Introduction to Composer

14, Dec 2013

Contents

Explaining the Need

Projects in today's world are not developed in isolation. There are so many incredibly intelligent people out there writing code to solve the common problems experienced in nearly every web application that some very impressive solutions have been developed. When you begin working on a new application there's no need for you to implement something that's already been done, so you bring that external code into your application to make use of it.

You've just introduced a dependency. Dependencies can be great assets, yet at the same time a source of confusion and frustration. Keeping track of dependencies and making them all play together nicely requires a lot of mental agility. Additionally if you're working as part of a team it can be very hard to ensure that all the team members have identical development environments with not just the same dependencies in the same places, but also of the same version!

Composer exists to help you out - a dependency manager to ease your mind. With Composer you simply declare your dependencies and Composer then downloads them (and whatever else they depend upon) and places them in one central location at your project's root. There are over 20,000 packages that Composer can use, available for your exploration at packagist.org. Just browsing through the popular packages gives gems such as logging and mailer packages, and the Doctrine and Symphony PHP frameworks.

Getting Started with Composer

It's incredibly simple to get moving with Composer. To install the phar - PHP Archive file - all one needs to do is download it from their site:

curl -sS https://getcomposer.org/installer | php
sudo mv composer.phar /usr/local/bin

Those two commands will take care of things for you. Firstly downloading the phar and then running some checks on your local system to make sure that it's compatible with your copy of PHP. If all is good, you can then issue the second command to make Composer available system wide. If you choose not to do the second command, the composer.phar file is perfectly usable in it's current state; you'll just have to provide a path to it when ever you call it.

Composer uses git, SVN, or hg to obtain the packages that you're using in your application, so make sure you also have those installed as needed.

Installing a Dependency

Now that we're all setup with Composer, let's use it to grab our first dependency: Mustache. Mustache is a HTML templating language that has been ported into many different languages, including PHP.

The first step is to create a composer.json file. This JSON file will describe all of the dependencies that our project will be needing as well as their versions. At the moment we only have one: Mustache.

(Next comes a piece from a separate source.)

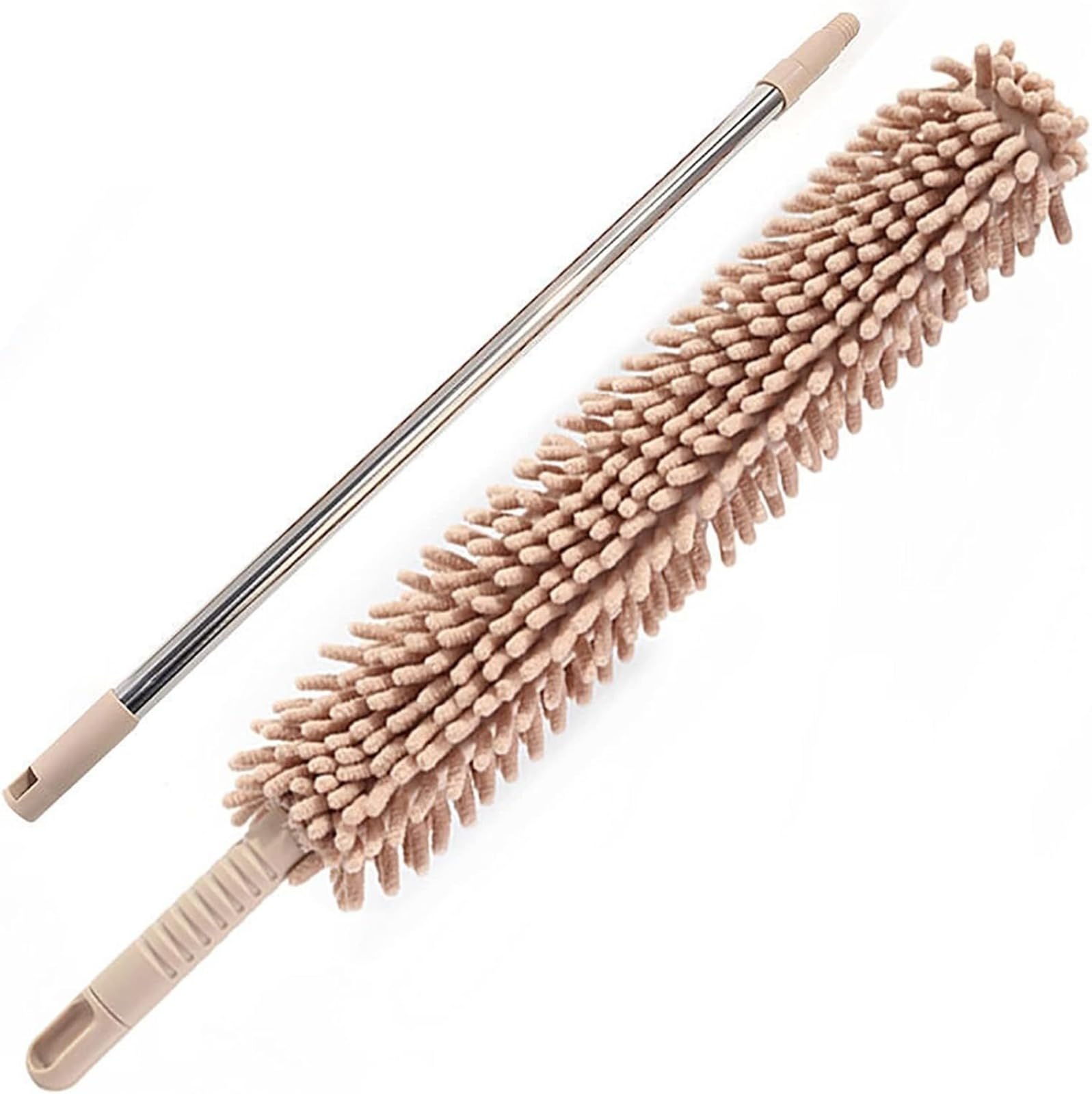 Plumero de felpilla extensible, plumero de microfibra con mango telescópico, cabezal lavable flexible para ventilador de techo, techo alto y limpieza de muebles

In the root directory of your application create a file called composer.json with the following content:

{
    "require": {
        "mustache/mustache": "2.5"
    }
}

The second (and final) step is to run Composer:

composer install

Issuing that command will have Composer go out and gather all the dependencies that are listed in the file, and organize them into your project. What exactly does that entail though? If you look in the directory after running the install command you'll see some newly created items:

Let's put that to the test then shall we?

Using Mustache with Composer

Let's create a very simple page using Mustache templates to try out our newly installed dependency. In the same web root as your composer.json file, make a new php file, and make add the following code to it:

<?php
require_once 'vendor/autoload.php';

$Mustache_Engine = new Mustache_Engine;
$template = 'Hello {{planet}}';
$context = Array('planet' => 'World!');
echo $Mustache_Engine->render($template, $context);
?>

This quick bit of code brings in the autoload file generated by Composer, and because of it allows us to auto load the Mustache_Engine class provided by the Mustache library. We can then use that class to process a simple template and echo it out. The double curlys around planet denote it as a named variable in the template to be replaced with the value of the corresponding key in the $context array.

That's all there is to it! I could talk more about Mustache and creating templates for it, but I'll leave that to another post.